2017 Blue Book (R.S. Yeoman) prices

Discussion in 'Coin Chat' started by juris klavins, Jul 22, 2016.

  1. Michael K

    Michael K Well-Known Member

    IDK if this is true but:
    "The Blue Book is a coin price guide that informs you on the approximate amount of money you can expect to get if you sell your coins to a coin dealer."
     
  2. Avatar

    Guest User Guest



    to hide this ad.
  3. V. Kurt Bellman

    V. Kurt Bellman Yes, I'm blunt! Get over your "feeeeelings".

    If you haven't yet perused the previous and the current "Mega-Red" Whitman guides, I strongly suggest you do. We are presently in "Year #2" of its existence. Both seem to still be available.
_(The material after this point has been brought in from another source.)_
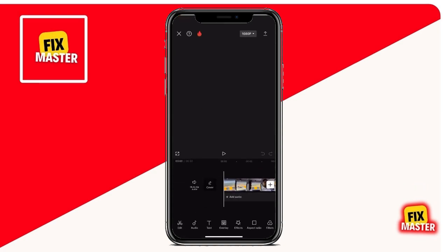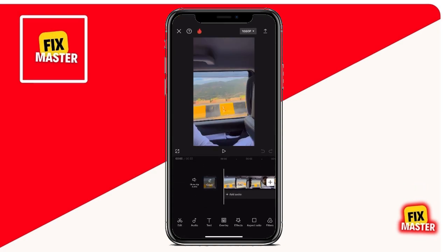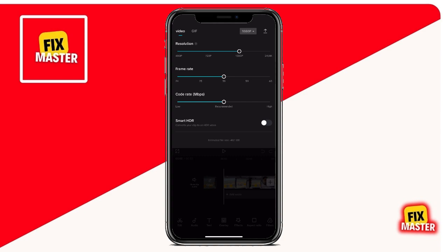Now, up here in the top right-hand corner, you'll see the resolution. Currently it's set to 1080p. Click on it and you'll see a drop-down menu where you can adjust the quality. For example, you can choose 720p for standard definition. Remember, it's crucial to match the resolution to the original video quality — if it's recorded in 4K, keep it at 4K.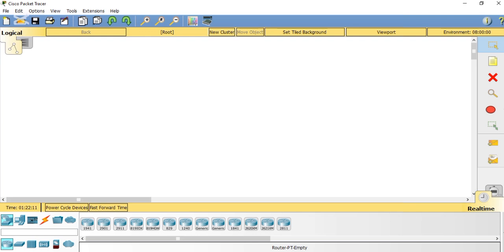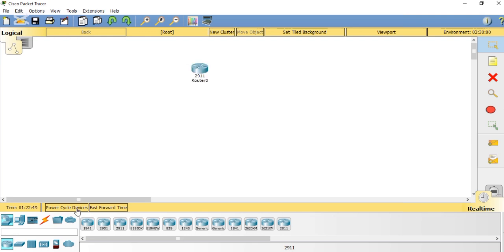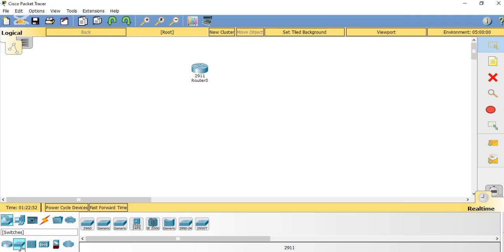If you want to watch my previous videos on subnetting, DHCP, and basic VLAN configuration, I will give the link in the description box. Now we are going to start. At the bottom we have many devices available. We simply need a router first, and then a switch. The router we have selected is the 2911, which we drag and drop to our working area.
It covers both the sublime and the profane, in one big honkin' volume. Each year has and will have a section of GREATLY expanded coverage - Large Cents last year, Small Cents this year, maybe 2c's and 3c's next year. I'm tempted to stop getting regular garden variety Red Books.
     
  4. World Colonial

    World Colonial Active Member

    I am immune to logic? You actually think I fail to grasp your claims? I understand them completely. I reject them because there is no basis for your macro claim, at all.

    First, I never said claimed these coins should not be collected and for you to state it is a distortion of my comments. I disagree most will ever be worth what you imply but that is a different consideration entirely.

    Second, let me take one of your claims. There is no "natural" state. It is a fiction of your invention and you cannot demonstrate otherwise. There is no requirement for any coin to have a minimum popularity, much less that collectors have to share your arbitrary preferences in the proportion you demand and pay the exorbitant prices your macro theory implies these coins should be worth. No one else has to conform to this ridiculous theory you invented.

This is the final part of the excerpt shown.